The reproduction of cultural practices and subjectivities is neither predetermined in the individual nor guaranteed. Rather, as Roy Rosenzweig concluded in his pioneering study of working-class leisure in Worcester, Massachusetts, cultural transformation is an ongoing relational process of socialization that is subject to both intraclass and interclass contestation and marked by an historically specific dialectic of continuity and change across generations (215-21). (3) As the experience of family is crucial to this process, I am particularly interested to excavate the cultural space of the Strand as it was inhabited by youth and used by parents in ways that were in keeping with a distinctively community-based, working-class tradition of childhood and family organization. At the same time, this mode of social organization was being subject to cultural interventions launched by elite groups from outside the neighborhood through such means as the attempt to create "family nights" at the Strand.

Scholarship on American film exhibition and moviegoing sometimes figures the late 1920s and early 1930s as a period of standardization based upon the model of studio-integrated movie palaces in large, northeastern cities and the vision of a sweeping middle-class audience. (4) However, the generalizability of the picture palace experience to moviegoing in any given northeastern city, let alone to other cities in the Northeast or beyond, is questionable. Gregory Waller, for instance, has observed that this viewpoint can be sustained only if we accept that moviegoing during this period was largely an urban phenomenon and that "the experience of audiences in a relatively small number of opulent theaters was representative of moviegoing throughout the 'urban centers' of the Northeast, which, in turn, was somehow comparable to the experience of going to the movies in the rest of urban ... America" (195).

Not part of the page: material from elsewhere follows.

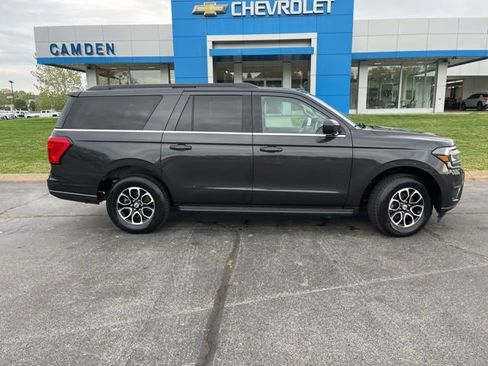 Used 2024 Ford Expedition Max XLT image 12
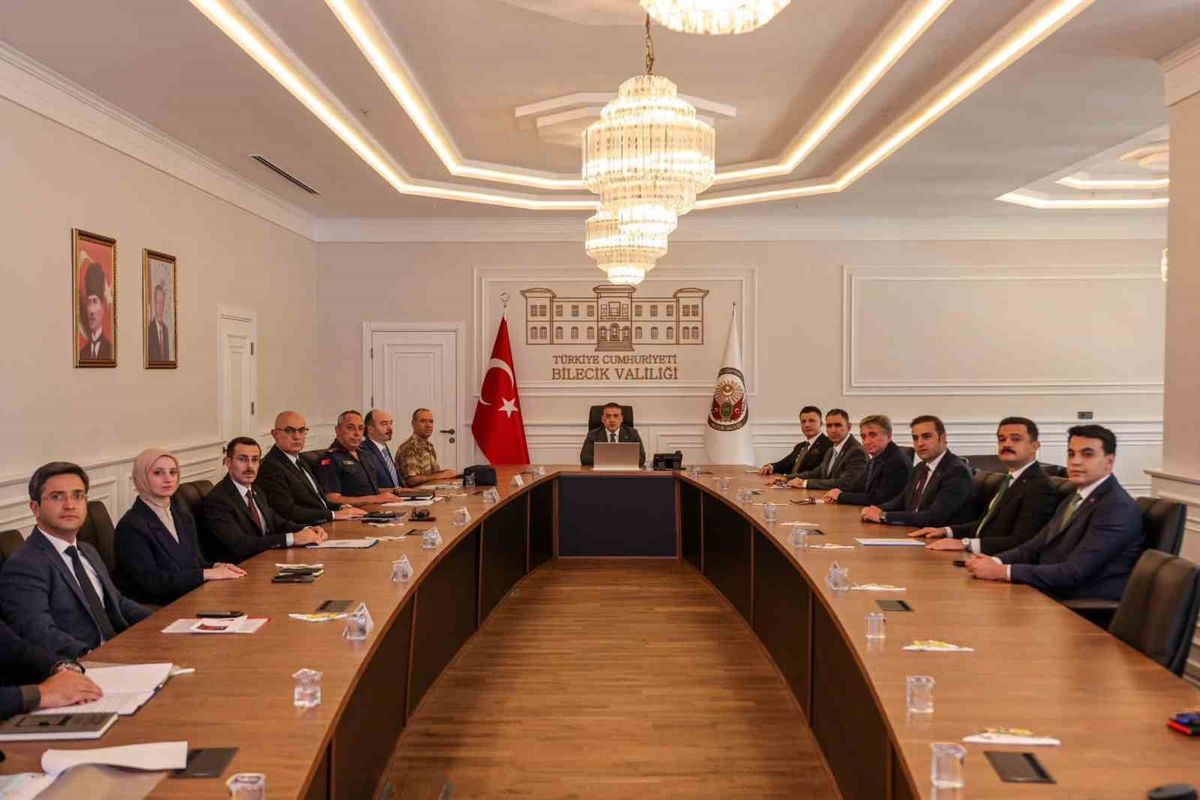 Bilecik'te Güvenlik Zirvesi: Asayiş ve Mücadele Başlıkları Masaya Yatırıldı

My interest in this study is precisely with the smaller theaters that persevered--at great difficulty, to be sure, given the constraints imposed by their "subsequent-run" status--in the marginal spaces beyond the palaces, (5) An important point, yet one easily overshadowed by the crush of centralization marking the film industry during this era, is that although studio integration established Hollywood's dominance over local exhibition, it did so not by eradicating differences between sites but by advancing what was already shaping up, according to Robert Sklar, as "a class system for motion picture theaters. Its categories ranged from the handsome new palaces down through older, downtown, neighborhood and small-town theaters" (144-45). (6) Or as Miriam Hansen has observed, picture palaces became highly...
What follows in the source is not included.